Data records –

'''

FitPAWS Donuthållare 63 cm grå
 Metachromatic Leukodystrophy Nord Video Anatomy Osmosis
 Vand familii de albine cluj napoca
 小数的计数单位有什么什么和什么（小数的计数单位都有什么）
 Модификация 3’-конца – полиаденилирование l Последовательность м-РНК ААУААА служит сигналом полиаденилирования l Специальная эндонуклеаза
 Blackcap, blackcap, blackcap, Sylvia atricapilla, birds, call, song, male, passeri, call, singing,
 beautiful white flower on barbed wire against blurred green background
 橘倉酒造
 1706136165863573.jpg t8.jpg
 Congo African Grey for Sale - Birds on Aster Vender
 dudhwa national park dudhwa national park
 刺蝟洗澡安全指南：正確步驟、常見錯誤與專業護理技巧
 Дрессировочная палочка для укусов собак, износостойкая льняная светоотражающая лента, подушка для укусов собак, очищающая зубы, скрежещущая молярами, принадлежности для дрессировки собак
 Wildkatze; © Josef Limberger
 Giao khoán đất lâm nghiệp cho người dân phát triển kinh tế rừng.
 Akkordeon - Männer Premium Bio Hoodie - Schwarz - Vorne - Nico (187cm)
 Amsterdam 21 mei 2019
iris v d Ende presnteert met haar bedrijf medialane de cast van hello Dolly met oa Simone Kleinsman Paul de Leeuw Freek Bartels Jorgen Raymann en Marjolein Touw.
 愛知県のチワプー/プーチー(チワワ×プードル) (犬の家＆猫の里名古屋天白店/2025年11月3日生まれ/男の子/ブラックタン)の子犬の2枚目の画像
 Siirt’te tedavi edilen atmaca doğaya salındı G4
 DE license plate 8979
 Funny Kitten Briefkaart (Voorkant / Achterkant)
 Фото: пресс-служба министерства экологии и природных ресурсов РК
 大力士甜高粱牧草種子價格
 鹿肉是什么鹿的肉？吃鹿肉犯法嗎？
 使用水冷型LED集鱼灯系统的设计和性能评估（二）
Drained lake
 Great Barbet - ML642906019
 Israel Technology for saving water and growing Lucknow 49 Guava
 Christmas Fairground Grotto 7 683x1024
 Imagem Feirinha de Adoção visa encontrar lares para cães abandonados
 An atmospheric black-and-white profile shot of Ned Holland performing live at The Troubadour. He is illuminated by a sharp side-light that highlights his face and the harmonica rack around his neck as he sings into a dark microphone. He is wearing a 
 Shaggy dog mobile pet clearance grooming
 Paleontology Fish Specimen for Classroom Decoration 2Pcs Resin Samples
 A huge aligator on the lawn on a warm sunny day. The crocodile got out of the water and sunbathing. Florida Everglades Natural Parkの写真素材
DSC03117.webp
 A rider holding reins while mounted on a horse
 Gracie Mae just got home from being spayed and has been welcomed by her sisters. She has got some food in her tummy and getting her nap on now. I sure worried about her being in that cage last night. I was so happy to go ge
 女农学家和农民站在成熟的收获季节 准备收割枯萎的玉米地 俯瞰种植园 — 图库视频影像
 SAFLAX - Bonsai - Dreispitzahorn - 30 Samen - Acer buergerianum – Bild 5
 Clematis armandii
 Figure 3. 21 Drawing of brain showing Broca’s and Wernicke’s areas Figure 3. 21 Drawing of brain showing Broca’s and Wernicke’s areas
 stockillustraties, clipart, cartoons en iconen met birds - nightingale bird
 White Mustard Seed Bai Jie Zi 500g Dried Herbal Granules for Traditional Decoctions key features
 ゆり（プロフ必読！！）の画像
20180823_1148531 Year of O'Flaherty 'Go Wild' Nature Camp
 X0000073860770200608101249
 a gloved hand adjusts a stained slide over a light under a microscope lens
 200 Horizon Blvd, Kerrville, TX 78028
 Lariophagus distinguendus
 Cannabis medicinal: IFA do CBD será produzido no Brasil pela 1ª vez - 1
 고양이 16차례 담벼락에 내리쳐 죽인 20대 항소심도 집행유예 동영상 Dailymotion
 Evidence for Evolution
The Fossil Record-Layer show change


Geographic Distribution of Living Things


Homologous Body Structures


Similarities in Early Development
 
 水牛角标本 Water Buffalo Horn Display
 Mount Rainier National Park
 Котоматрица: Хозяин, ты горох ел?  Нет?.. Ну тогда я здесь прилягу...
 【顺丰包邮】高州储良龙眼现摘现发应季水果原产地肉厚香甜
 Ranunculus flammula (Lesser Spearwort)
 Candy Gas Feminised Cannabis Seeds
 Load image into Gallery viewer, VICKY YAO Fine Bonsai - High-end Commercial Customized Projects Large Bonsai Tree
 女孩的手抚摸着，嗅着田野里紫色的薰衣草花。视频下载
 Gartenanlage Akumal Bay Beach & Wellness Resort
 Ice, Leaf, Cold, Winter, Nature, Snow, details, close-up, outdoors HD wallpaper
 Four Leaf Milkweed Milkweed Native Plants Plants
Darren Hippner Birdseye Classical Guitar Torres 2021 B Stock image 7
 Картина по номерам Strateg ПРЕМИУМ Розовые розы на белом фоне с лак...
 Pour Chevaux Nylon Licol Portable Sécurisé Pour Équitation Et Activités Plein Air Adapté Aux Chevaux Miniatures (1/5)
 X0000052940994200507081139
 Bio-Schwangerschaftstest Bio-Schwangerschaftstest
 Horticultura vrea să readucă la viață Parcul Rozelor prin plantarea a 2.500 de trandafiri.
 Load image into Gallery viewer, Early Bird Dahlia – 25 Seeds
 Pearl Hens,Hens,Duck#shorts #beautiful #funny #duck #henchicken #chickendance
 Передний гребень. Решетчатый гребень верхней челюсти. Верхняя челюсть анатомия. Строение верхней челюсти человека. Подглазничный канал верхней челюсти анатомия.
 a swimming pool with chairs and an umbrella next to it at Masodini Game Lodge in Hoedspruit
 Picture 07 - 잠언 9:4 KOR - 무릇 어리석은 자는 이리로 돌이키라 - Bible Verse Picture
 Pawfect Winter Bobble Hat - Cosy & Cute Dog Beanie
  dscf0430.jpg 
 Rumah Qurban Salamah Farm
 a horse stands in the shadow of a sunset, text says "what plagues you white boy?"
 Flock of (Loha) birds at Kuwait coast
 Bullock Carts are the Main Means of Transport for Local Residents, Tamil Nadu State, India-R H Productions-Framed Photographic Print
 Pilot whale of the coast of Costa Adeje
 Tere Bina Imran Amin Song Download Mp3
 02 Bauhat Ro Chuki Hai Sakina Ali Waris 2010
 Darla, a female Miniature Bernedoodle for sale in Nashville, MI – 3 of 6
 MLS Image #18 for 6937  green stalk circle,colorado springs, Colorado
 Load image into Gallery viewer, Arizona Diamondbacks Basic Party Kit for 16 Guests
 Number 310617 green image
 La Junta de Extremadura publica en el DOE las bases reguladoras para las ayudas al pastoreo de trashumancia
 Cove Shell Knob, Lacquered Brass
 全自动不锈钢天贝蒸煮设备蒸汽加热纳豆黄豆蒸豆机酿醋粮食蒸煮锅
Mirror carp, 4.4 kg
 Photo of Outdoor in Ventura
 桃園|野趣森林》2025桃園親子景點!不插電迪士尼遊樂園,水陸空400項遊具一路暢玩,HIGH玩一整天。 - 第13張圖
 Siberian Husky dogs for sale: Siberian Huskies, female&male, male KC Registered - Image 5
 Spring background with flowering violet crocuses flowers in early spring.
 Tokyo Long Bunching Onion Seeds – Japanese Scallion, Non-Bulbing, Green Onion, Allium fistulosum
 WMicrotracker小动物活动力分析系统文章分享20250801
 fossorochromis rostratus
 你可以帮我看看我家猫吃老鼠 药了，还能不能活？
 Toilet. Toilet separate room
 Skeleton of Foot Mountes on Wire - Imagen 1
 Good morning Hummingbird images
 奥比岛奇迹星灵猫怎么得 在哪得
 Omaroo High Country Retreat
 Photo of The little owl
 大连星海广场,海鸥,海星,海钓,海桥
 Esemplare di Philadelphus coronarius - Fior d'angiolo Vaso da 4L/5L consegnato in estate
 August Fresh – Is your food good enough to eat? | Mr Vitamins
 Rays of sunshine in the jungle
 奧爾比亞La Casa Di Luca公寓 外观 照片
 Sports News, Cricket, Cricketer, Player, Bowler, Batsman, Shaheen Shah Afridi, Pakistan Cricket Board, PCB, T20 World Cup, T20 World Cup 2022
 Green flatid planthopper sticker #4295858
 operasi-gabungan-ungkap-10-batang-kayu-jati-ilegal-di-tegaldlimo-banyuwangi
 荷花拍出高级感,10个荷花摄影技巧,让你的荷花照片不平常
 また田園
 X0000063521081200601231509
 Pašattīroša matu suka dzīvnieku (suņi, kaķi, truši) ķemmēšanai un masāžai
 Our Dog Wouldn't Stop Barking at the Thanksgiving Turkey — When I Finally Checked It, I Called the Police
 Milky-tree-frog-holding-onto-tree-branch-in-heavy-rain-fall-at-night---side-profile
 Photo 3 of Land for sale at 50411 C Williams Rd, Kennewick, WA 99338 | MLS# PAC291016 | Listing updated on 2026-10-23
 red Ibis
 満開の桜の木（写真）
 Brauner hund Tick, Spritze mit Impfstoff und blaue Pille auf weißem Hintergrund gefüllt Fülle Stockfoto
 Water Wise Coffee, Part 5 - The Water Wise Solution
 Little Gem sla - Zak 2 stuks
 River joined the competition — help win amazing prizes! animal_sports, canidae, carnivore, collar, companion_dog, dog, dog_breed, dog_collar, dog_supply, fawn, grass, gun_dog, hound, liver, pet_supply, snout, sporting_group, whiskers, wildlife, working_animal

'''

Your objective –
Scan the material above for the string "Leaf" and report each line where you find it.

Task response –
 Ice, Leaf, Cold, Winter, Nature, Snow, details, close-up, outdoors HD wallpaper
 Four Leaf Milkweed Milkweed Native Plants Plants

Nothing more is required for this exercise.